┌─ Data block

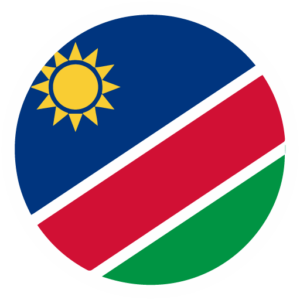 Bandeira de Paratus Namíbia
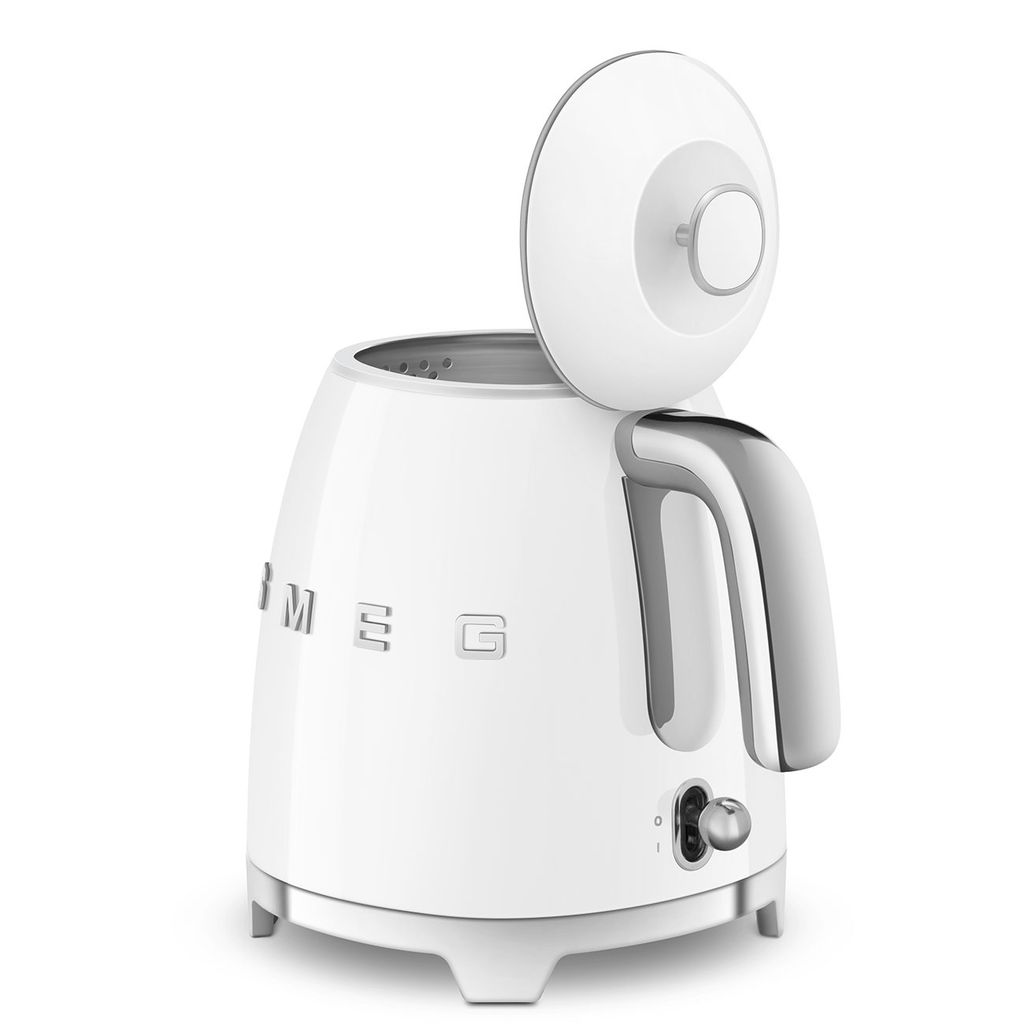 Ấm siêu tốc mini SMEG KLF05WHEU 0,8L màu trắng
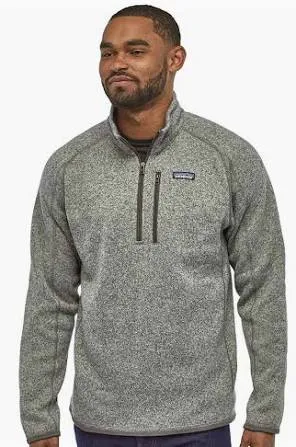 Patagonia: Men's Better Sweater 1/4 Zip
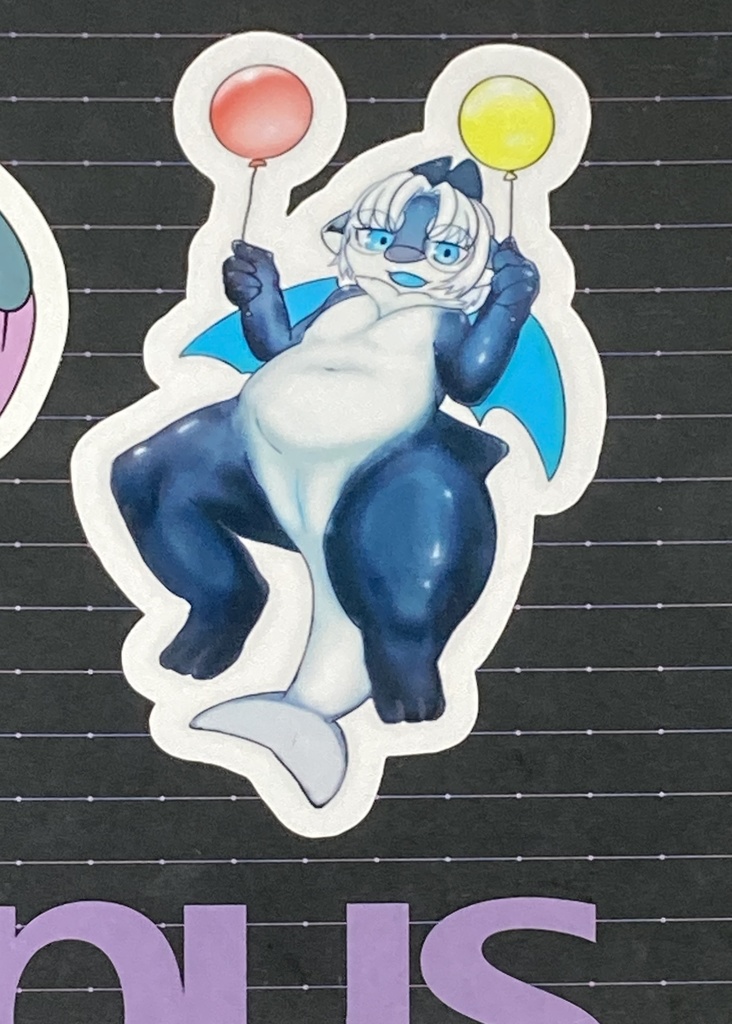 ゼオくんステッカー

└─

# [Exercise details]
Nothing but the lines from the one containing "Ấm siêu tốc" through the end of the listing should be written out, each exactly, and pictures must be left out.

# [Answer box]
 Ấm siêu tốc mini SMEG KLF05WHEU 0,8L màu trắng
 Patagonia: Men's Better Sweater 1/4 Zip
 ゼオくんステッカー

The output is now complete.